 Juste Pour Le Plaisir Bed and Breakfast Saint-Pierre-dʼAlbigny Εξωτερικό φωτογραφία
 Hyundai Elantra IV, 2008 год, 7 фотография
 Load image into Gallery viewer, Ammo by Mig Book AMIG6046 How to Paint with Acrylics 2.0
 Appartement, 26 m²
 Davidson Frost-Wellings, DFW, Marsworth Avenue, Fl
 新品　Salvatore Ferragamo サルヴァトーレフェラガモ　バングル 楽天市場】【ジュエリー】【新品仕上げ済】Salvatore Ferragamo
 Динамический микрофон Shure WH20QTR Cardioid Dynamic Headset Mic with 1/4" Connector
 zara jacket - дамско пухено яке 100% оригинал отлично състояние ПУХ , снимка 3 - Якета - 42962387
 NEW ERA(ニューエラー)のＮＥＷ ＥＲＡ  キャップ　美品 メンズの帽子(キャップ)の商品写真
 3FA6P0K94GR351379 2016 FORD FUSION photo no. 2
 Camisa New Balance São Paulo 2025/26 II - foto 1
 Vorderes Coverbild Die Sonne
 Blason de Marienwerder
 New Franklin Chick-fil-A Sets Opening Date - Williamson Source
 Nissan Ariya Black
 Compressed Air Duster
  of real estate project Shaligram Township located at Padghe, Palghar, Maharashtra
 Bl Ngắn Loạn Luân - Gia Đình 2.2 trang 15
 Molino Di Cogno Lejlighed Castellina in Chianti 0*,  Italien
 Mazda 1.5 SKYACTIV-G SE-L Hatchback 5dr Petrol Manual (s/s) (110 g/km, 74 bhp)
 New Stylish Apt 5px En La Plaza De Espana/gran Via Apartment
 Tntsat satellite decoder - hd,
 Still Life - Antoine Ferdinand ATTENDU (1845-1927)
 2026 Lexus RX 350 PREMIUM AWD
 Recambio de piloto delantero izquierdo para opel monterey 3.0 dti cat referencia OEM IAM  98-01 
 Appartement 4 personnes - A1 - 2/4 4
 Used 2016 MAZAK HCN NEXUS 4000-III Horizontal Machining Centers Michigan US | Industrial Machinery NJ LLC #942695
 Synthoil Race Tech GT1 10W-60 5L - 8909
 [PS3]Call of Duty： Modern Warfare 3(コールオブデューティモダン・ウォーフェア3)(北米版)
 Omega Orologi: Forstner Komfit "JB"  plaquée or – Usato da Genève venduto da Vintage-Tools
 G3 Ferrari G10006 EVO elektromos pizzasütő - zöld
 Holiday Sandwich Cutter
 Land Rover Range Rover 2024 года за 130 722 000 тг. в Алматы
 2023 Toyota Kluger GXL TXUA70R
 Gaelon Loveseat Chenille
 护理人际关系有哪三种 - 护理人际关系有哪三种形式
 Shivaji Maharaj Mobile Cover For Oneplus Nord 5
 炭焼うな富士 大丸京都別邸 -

__Task details__
Report all lines of the data that include the word "Appartement".

__Response for this exercise__
 Appartement, 26 m²
 Appartement 4 personnes - A1 - 2/4 4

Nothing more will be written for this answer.